Devastated in World War II, Japan was subsequently occupied by the American military, who brought modernization and upheaval to which photographers reacted with a new visual language. While they broke radically with tradition, they memorialized the old culture as they recorded the new. Takuma Nakahira’s image above is representative of the rough and ready, bure, boke (rough, blurred, out of focus) aesthetic of the Provoke movement (Purovōku, プロヴォー, named after a short-lived but influential magazine co-founded by Nakahira in 1968), which asked “What is photography?”, “Who becomes a photographer?” or “What is seeing?”.
This picture is from his essay about a nightclub district in Tokyo called Shinjuku, or Golden-gai, the old barracks left over from the occupation and which in the 60s was full of tiny bars able to seat only a dozen or so, frequented by specific groups; the photographer Tomatsu and his friends met in one of these, where he took this picture of a drug-affected girl.

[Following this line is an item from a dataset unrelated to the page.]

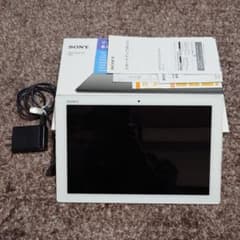 SONY Xperia Z4 タブレット ホワイト 本体　キーボード付きのサムネイル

After 1970, Nakahira changed his thinking about photography and turned to process-based installations. Circulation: Date, Place, Events for the 1971 Paris Biennale was one.
I felt hesitant with the idea of bringing photographs taken in Japan all the way to Paris as finished works of art. For me it seemed meaningless to try and force photography into the reductive framework of an ‘individual’ work of art, as if to plaster it with my flimsy assertions and ‘concepts.’ I rejected the expression of my own ‘concepts’ and ideas in the form of a work of art… Thus, to put it concretely, I set myself to photograph, develop, and exhibit nothing but the Paris that I was living in and experiencing.
Over a week, Nakahira took pictures out on the streets of Paris every day, then every evening quickly processed them, gluing the photographs to the wall and floor inside the biennale hall on the next day. After one week, there were nearly 600 pictures in all, an action which transformed photography into performance.
In 1973, Nakahira, an habitual barbiturate user, suffered a mental collapse and destroyed almost all of his negatives and prints, with only Circulation: Date, Place, Events remaining after a rediscovery of the negatives. Then in 1977, Nakahira lost his memory and and could not speak. However, he started taking photos when he traveled to Okinawa for treatment in the following year and kept enthusiastically taking photos as he recovered from his sickness.
A year later he started to make images of everything he saw everyday on the street, in colour to produce Why an Illustrated Botanical Dictionary? published in 1973;
Anyway, I think I will restart my work with the Illustrated Botanical Dictionary. I am going to capture subjects in daylight with colour photography; I will compile them into the Illustrated Botanical Dictionary. For that, they must be colour photographs.
He did not process the colour negatives or print from them himself since he wanted to remove all expression, to discard entirely the Provoke characteristics.
In 2003, he had a big retrospective show Degree Zero – Yokohama, which was enthusiastically received. About the work, he said;
My photography is an absolute necessity for me, having forgotten everything.
I believe that photography is neither creation nor memory, but documents. The act of shooting a photograph is not something abstract. It is always concrete. No manipulation to make simple things complicated through conceptualization. Only the real I encountered through the medium of the camera is here in my photographs.
One of his last exhibitions continued this process. It was called Kirikae, which translates as ‘self-renewal’, self-discovery anew that he made with every image.
Aura Gallery’s show is the first since the artist passed away in 2015.